The Problem: Every Platform Is Different
Printing a string to the screen sounds simple, but every OS and CPU does it differently:
| Platform | Mechanism | Syscall Write | Syscall Read | Syscall Register |
|---|---|---|---|---|
| x86-64 Linux | SYSCALL | 1 | 0 | RAX (R0) |
| x86-32 Linux | INT 0x80 | 4 | 3 | EAX (R0) |
| ARM Linux | SVC #0 | 4 | 3 | r7 (R7) |
| ARM64 Linux | SVC #0 | 64 | 63 | X8 (via R7) |
| RISC-V Linux | ECALL | 64 | 63 | a7 (R7) |
| x86-64 Windows | Win32 API | WriteFile | ReadFile | dispatcher |
The syscall numbers are different, the registers for arguments are different, and even the instruction to trigger the call is different. Writing raw syscalls would force you to maintain six separate codepaths.
The Solution: std_io and the Precompiler
UA solves this with two mechanisms working together:
- The
SYSinstruction — a single MVIS opcode that emits the correct syscall instruction for the target (SYSCALL, INT 0x80, SVC #0, ECALL, or a Win32 API call). - Precompiler conditionals (
@IF_ARCH,@IF_SYS) — let the library set up the right registers for each platform, all in one source file.
The std_io library uses these to give you two simple, universal functions:
@IMPORT std_io
; --- Printing ---
LDS R0, "Hello, world!\n"
CALL std_io.print ; print null-terminated string at R0
; --- Reading ---
BUFFER input, 64 ; allocate a 64-byte buffer
GET R0, input ; R0 = buffer address
LDI R1, 64 ; R1 = max bytes to read
CALL std_io.read ; read from stdin into buffer
; R0 = bytes actually read (on Linux)
That's it. The same code compiles unchanged for x86-64, ARM, ARM64, RISC-V, x86-32, on both Linux and Windows (where applicable).
How std_io.print Works (Under the Hood)
Let's trace what happens when you call std_io.print on different platforms.
Every version of print follows the same algorithm:
- Save the buffer pointer into the register the OS expects.
- Compute strlen — walk bytes with
LOADBuntil a null byte is found. - Load the syscall number and file descriptor into their platform-specific registers.
- Call
SYSto invoke the OS. RETback to the caller.
The only things that change between platforms are which registers hold what and which syscall number to use.
Example: x86-64 Linux vs. ARM Linux
x86-64 Linux — the write syscall expects:
- R0 (RAX) = syscall number (1)
- R7 (RDI) = file descriptor (1 = stdout)
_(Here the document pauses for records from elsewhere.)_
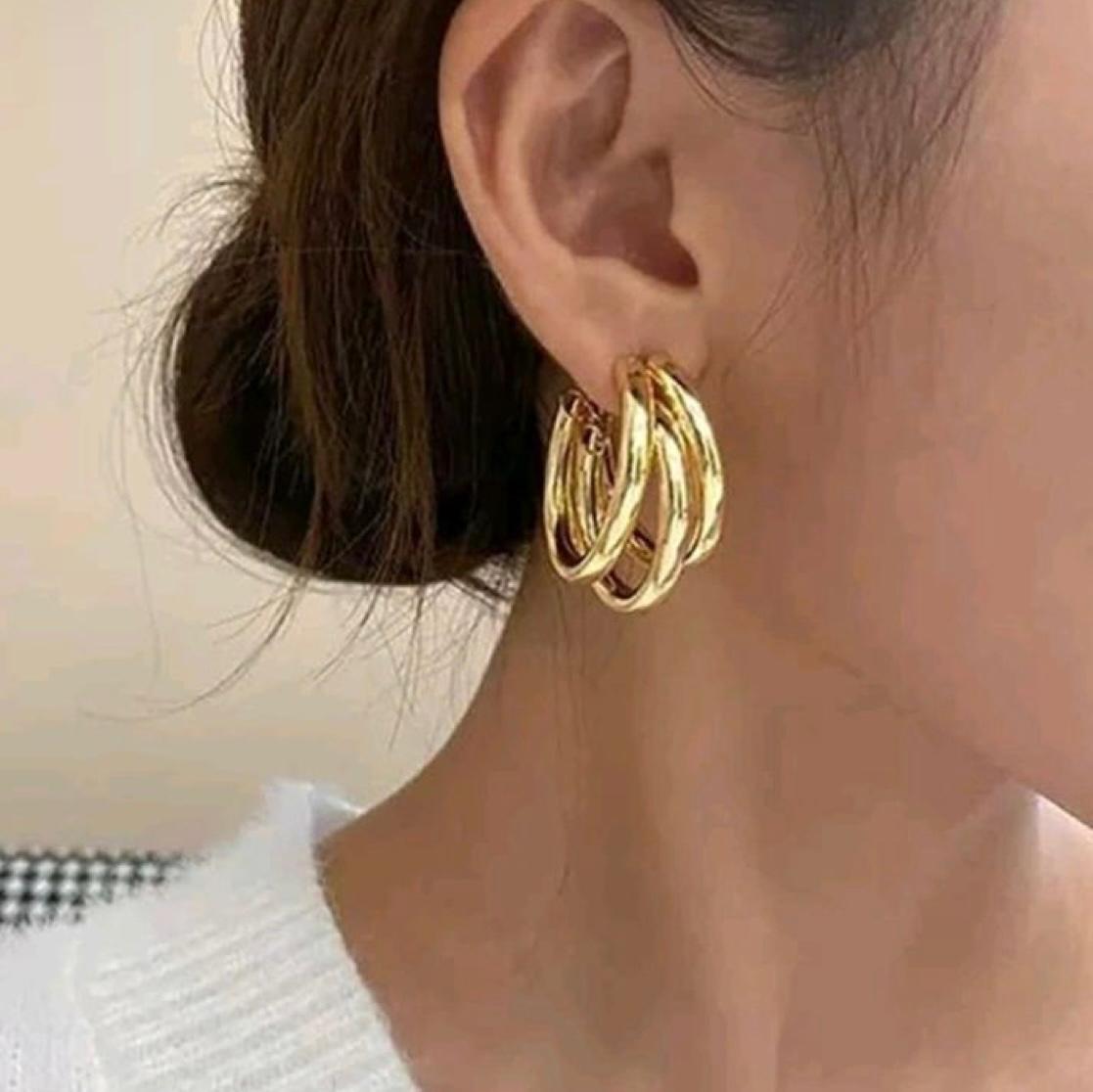 Aretes Triple Trendy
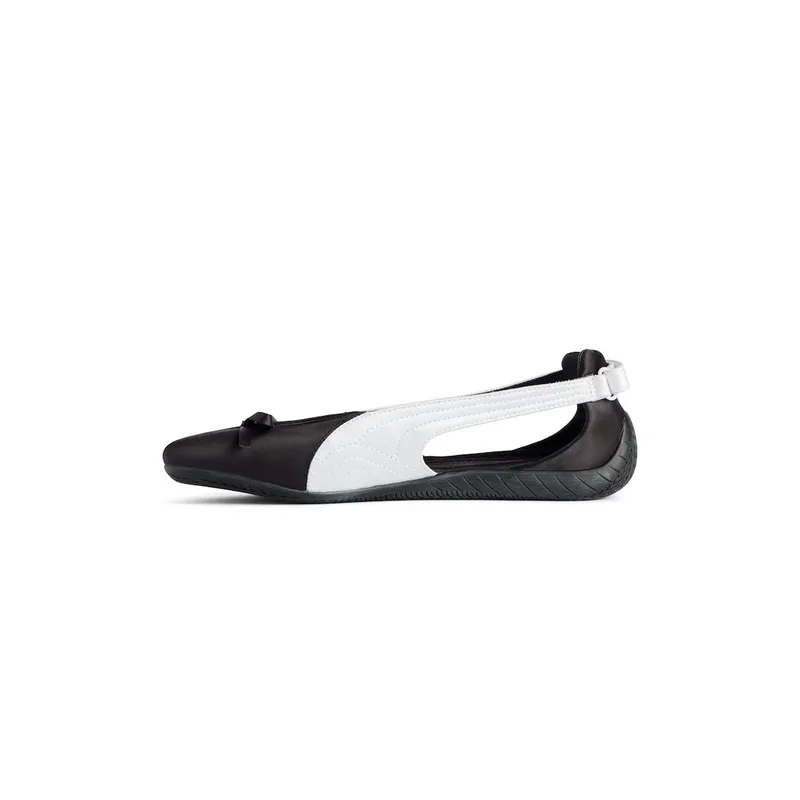 Balenciaga Women’s Speedcat Ballet Satin Balenciaga In Black / White Black / White (847163WSDST1090)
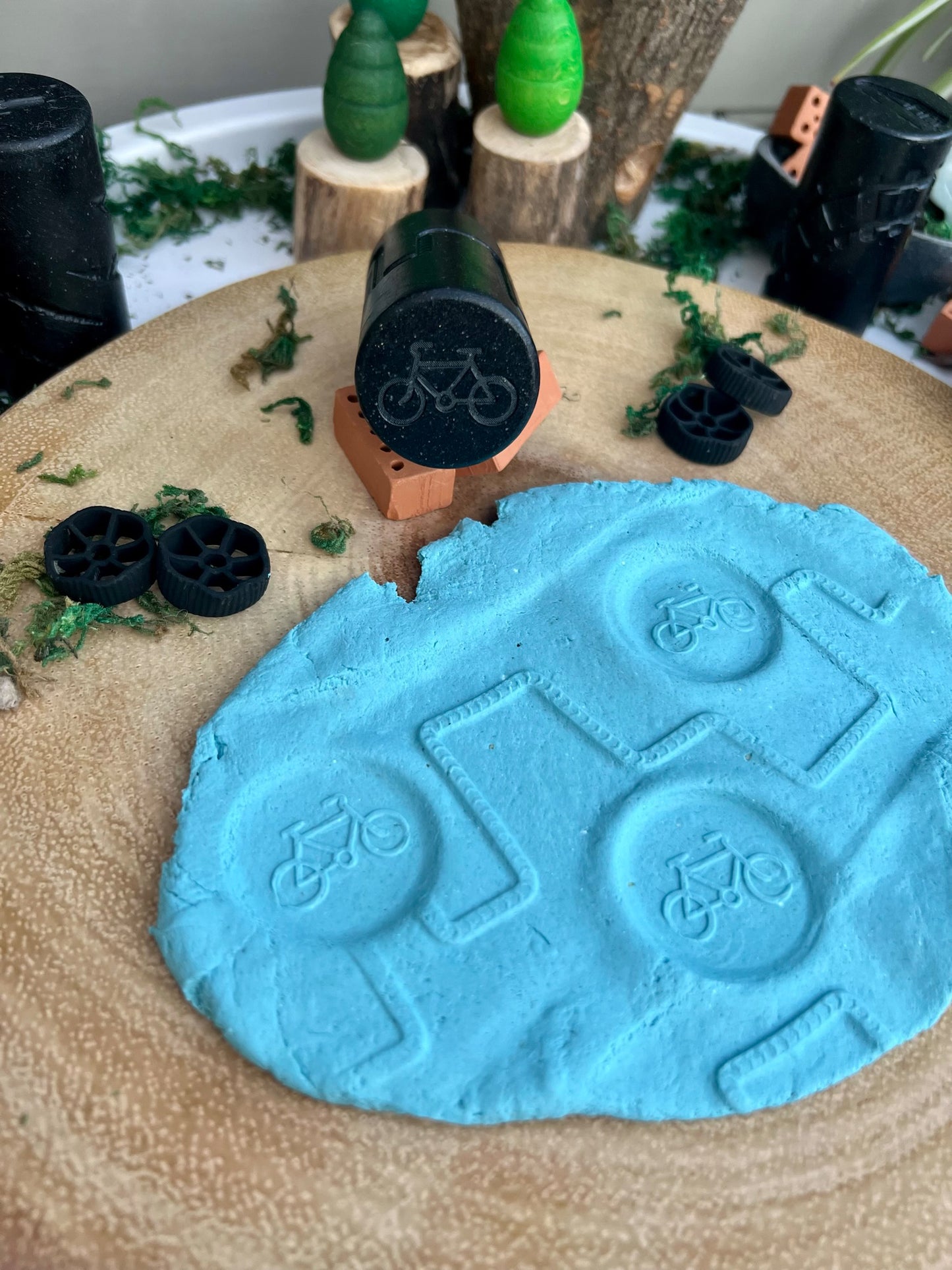Let’s Roll – Transport Dough Roller and Stamps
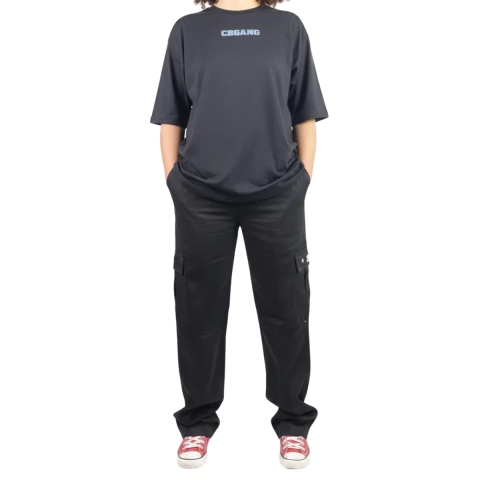 Calça Cargo CBGANG Preta Feminina - comprar online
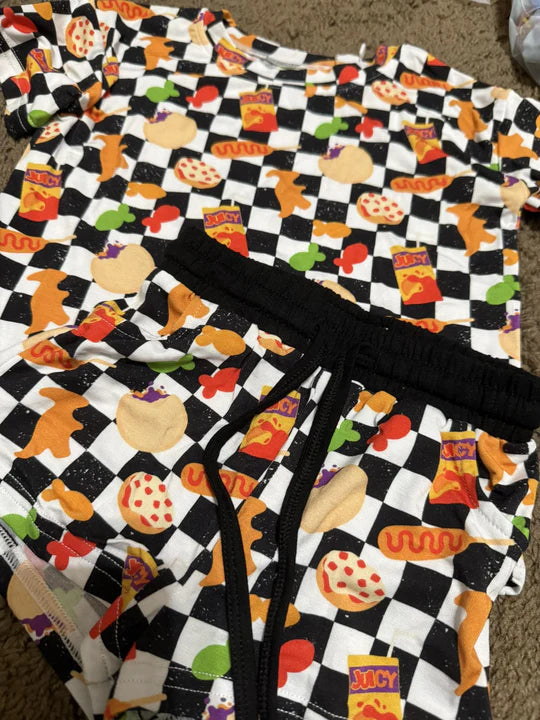 12.22 MOQ：5pcs BSSO1796 pre-order baby boy clothes hot dog print toddler boy summer outfit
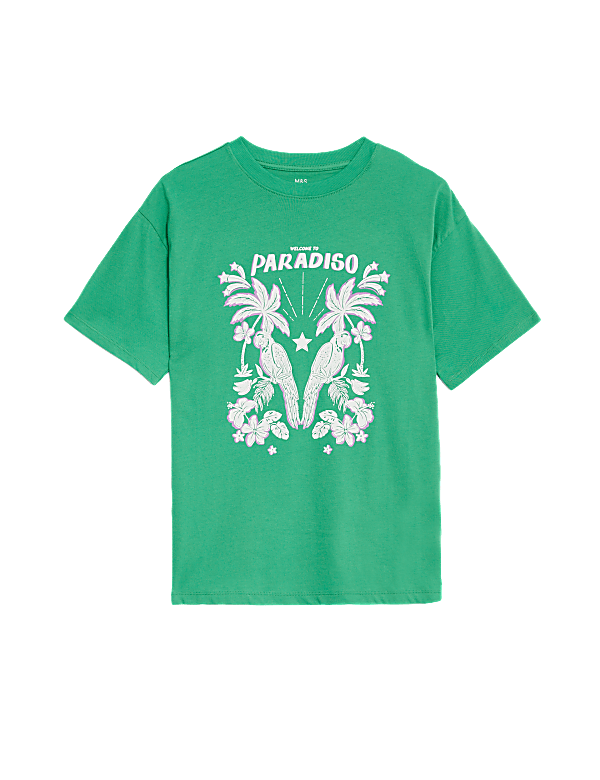 Pure Cotton Graphic T-Shirt (6-16 Yrs)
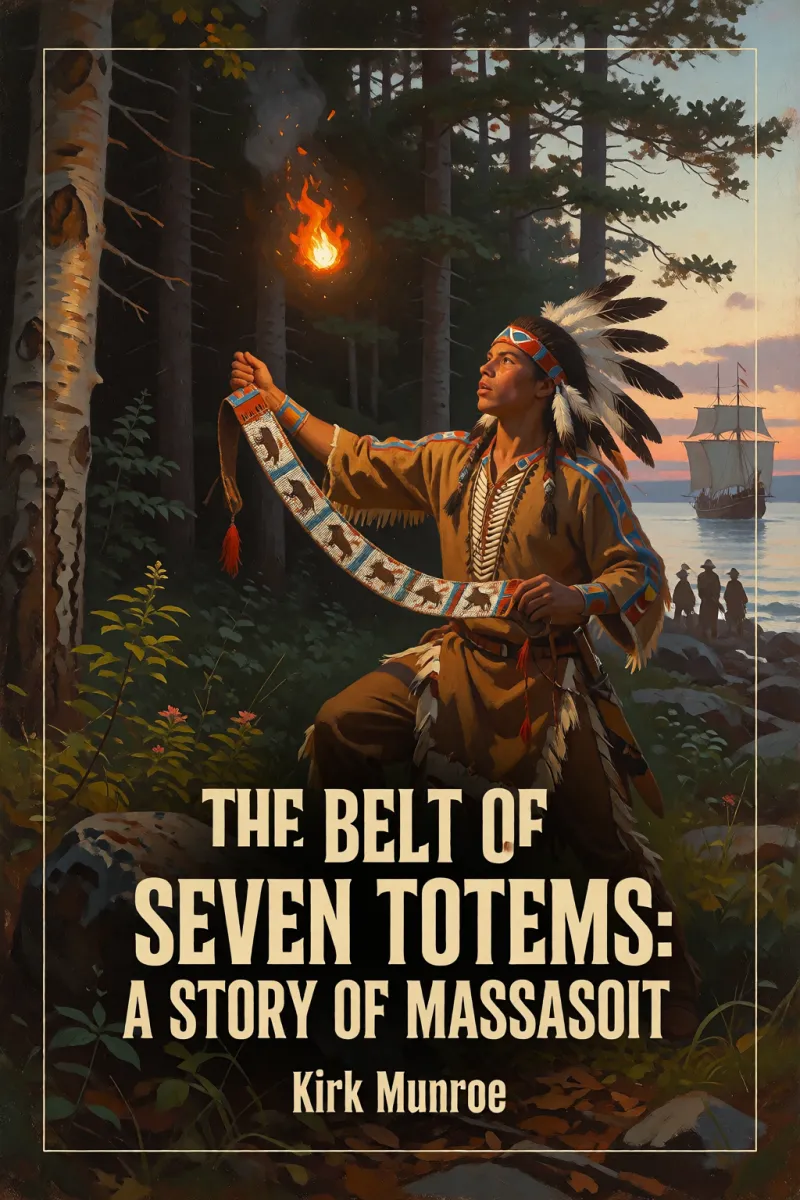 Cover of The Belt of Seven Totems: A Story of Massasoit by Kirk Munroe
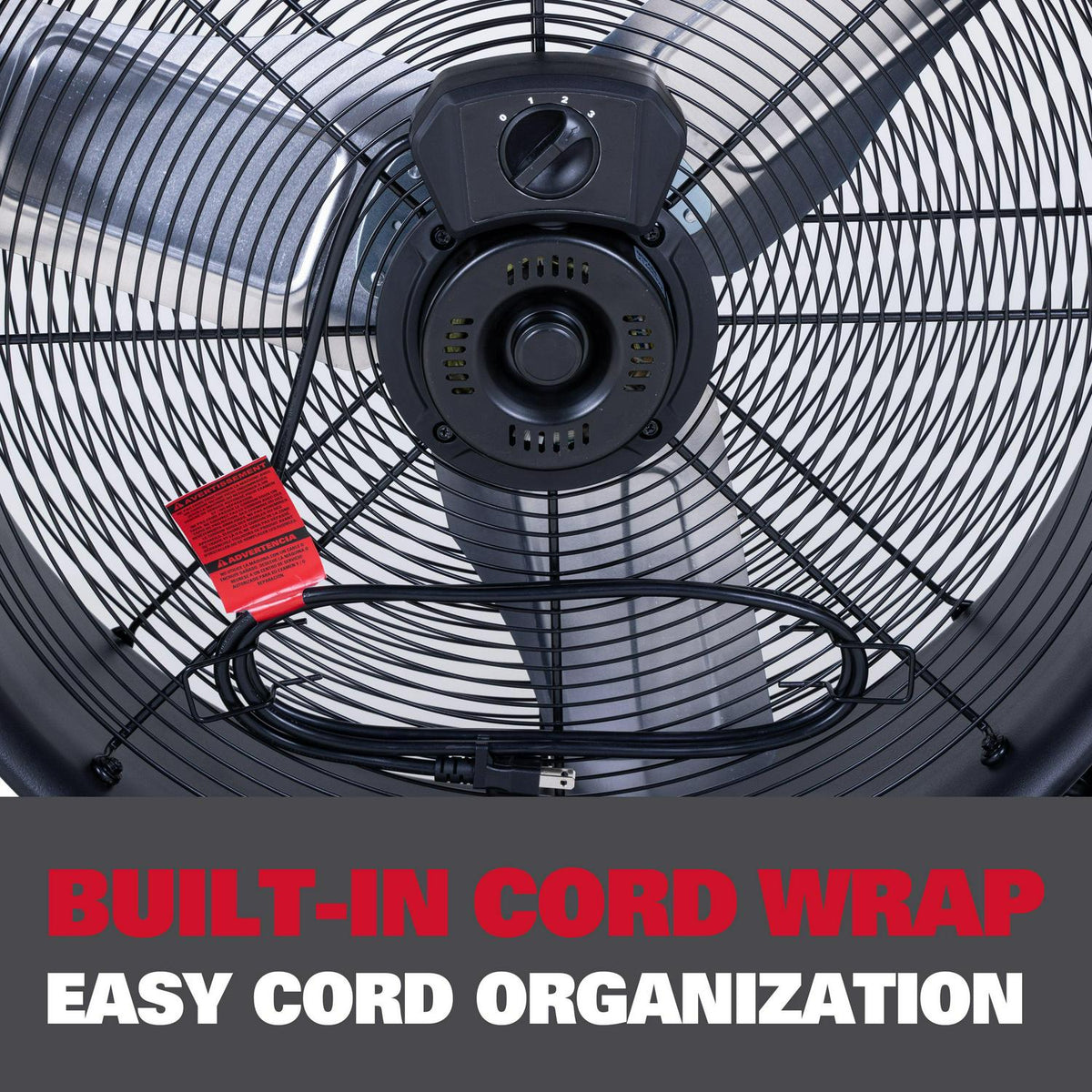 Ecomax 24 Inch High Velocity Drum Floor Fan. Industrial. 3-Speed. Adjustable Tilt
- R6 (RSI) = buffer pointer
- R2 (RDX) = byte count
@IF_ARCH x86
print:
MOV R6, R0 ; RSI = buf
; ... strlen loop sets R2 = length ...
LDI R0, 1 ; RAX = 1 (write)
LDI R7, 1 ; RDI = 1 (stdout)
SYS ; SYSCALL
RET
@ENDIF
ARM Linux — the write syscall expects:
- R7 = syscall number (4)
- R0 = file descriptor (1 = stdout)
- R1 = buffer pointer
- R2 = byte count
@IF_ARCH arm
@IF_SYS linux
print:
MOV R1, R0 ; r1 = buf
; ... strlen loop sets R2 = length ...
LDI R7, 4 ; r7 = 4 (write)
LDI R0, 1 ; r0 = 1 (stdout)
SYS ; SVC #0
RET
@ENDIF
@ENDIF
Notice how the algorithm is identical — only the register assignments and syscall numbers differ. The @IF_ARCH / @IF_SYS blocks ensure only the correct version is compiled.
How std_io.read Works
The read function is even simpler because there is no strlen step — the caller provides the maximum byte count directly in R1.
The calling convention is:
- R0 = pointer to a buffer (created with
BUFFER) - R1 = maximum number of bytes to read
After the call, R0 contains the number of bytes actually read (on Linux). On Windows, the byte count is stored internally by the dispatcher.
A complete example:
@IMPORT std_io
BUFFER my_buf, 128 ; 128-byte input buffer
JMP main
main:
; Prompt the user
LDS R0, "Enter your name: "
CALL std_io.print
; Read input
GET R0, my_buf ; R0 = buffer address
LDI R1, 127 ; leave 1 byte for null terminator
CALL std_io.read ; R0 = bytes read
; Null-terminate the input
MOV R2, R0 ; R2 = bytes read
GET R3, my_buf
ADD R3, R2 ; R3 = address of first byte after input
LDI R1, 0
STOREB R1, R3 ; write null terminator
; Echo it back
LDS R0, "Hello, "
CALL std_io.print
GET R0, my_buf
CALL std_io.print
HLT
The ARM64 Trick: Hidden Register X8
AArch64 (ARM64) Linux is unique: it puts the syscall number in register X8, but UA only maps R0–R7 to X0–X7. There's no R8!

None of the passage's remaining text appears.